Submitted by Druss on Mon, 2007-04-02 01:34

I'm sure everybody out there who use Bit Torrent is aware that being connectable is highly recommended for best speeds and the general well being of the "swarm". For the unfortunate few who aren't, connectability is where you open an incoming port on your computer thereby allowing other peers in the Bit Torrent swarm to be able to contact you. It is however only required for one of the parties (connector or connectee) to be connectable for a connection to be made. However, if your PC is not connectable you immediately lose the ability to download and upload from other unconnectable peers. While the number of unconnectable users varies from tracker to tracker (less for private trackers and more for public ones) and ISP to ISP, I found out first hand yesterday how bad unconnectability can be, on a friend's laptop.

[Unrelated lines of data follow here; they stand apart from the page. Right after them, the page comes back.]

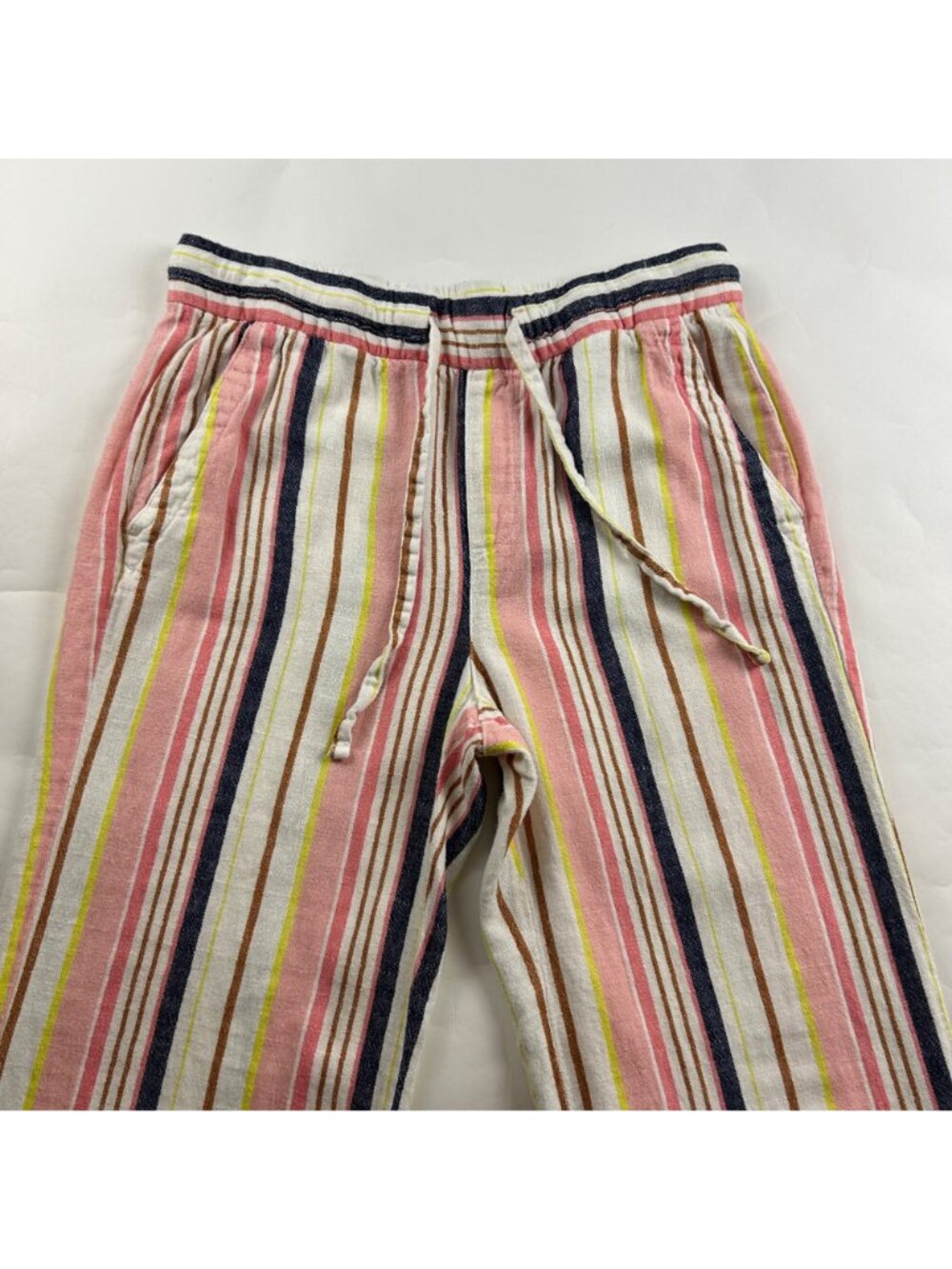 Old Navy Bright Stripe Linen Blend Wide Leg Lounge Pant S - Picture 2 of 6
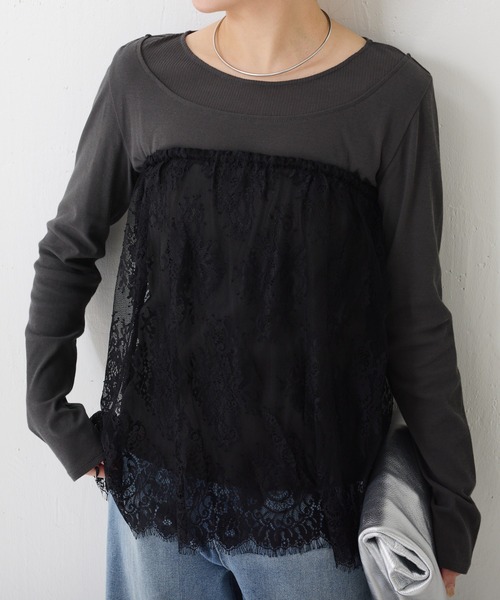 COLLAGE GALLARDAGALANTE（コラージュガリャルダガランテ）の「レースレイヤードミニ（スカート・レディース・ブラック/ホワイト・FREE）」の15枚目の写真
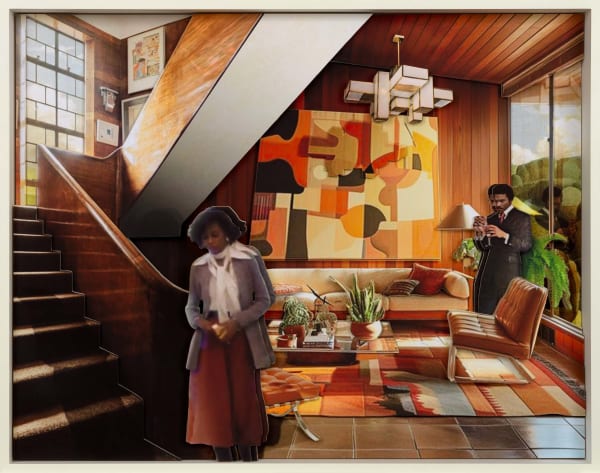 A wood relief collage by Ron Norsworthy featuring two figures in a warm, mid-century interior with geometric art, plants, and wood-paneled walls.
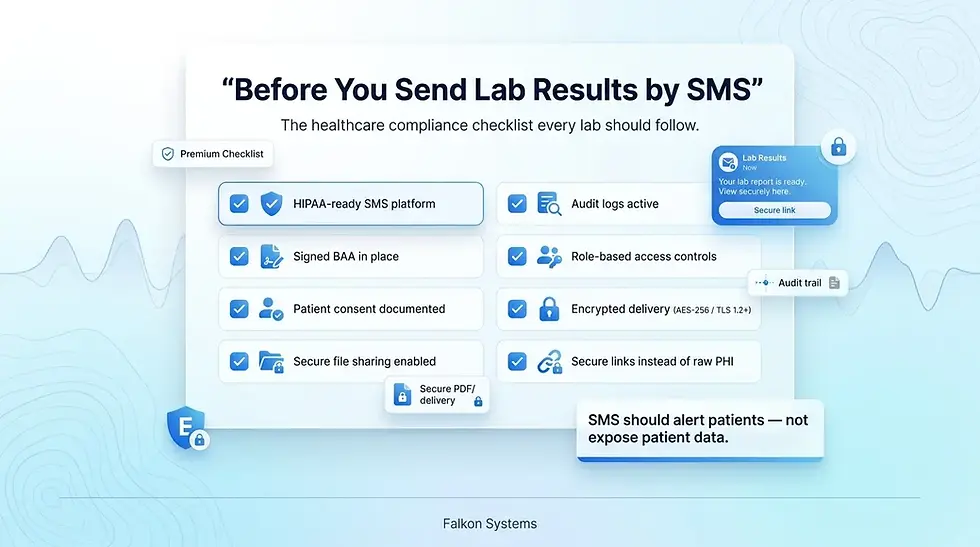 Ten point compliance checklist for SMS lab result notifications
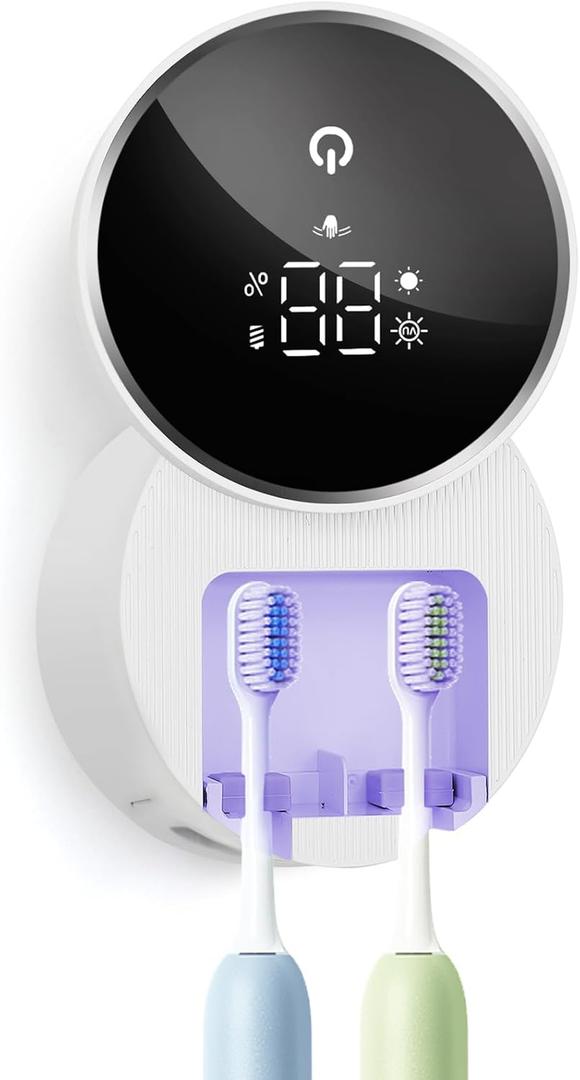 Toothbrush Holders for Bathroom, WONICO Toothbrush Sanitizer Holder, Tooth Brush Wall-Mounted Cleaner Organizer with Auto-Inductive Cover, Air Drying Fits Most Electric, Manual and Kids Toothbrushes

On a well seeded torrent on a private tracker, with lots of connectable peers, we were averaging about 100KB/s. It didn't matter if we were connectable or not. His ISP is also notorious for traffic shaping and generally throttling p2p traffic. However, on a public torrent with about 10 peers, there was a (substantially) palpable difference in speeds. Speeds when connectable were about 80KB/s mark. However, when unconnectable, we couldn't clock anything greater than 8KB/s.

So, moral of the story: Be connectable; choose your ISP wisely.

Comments

Very well explained. Non of this rubbish about going into port forwarding, but simply explaining what is the result of not being connectable. Thanks for the post.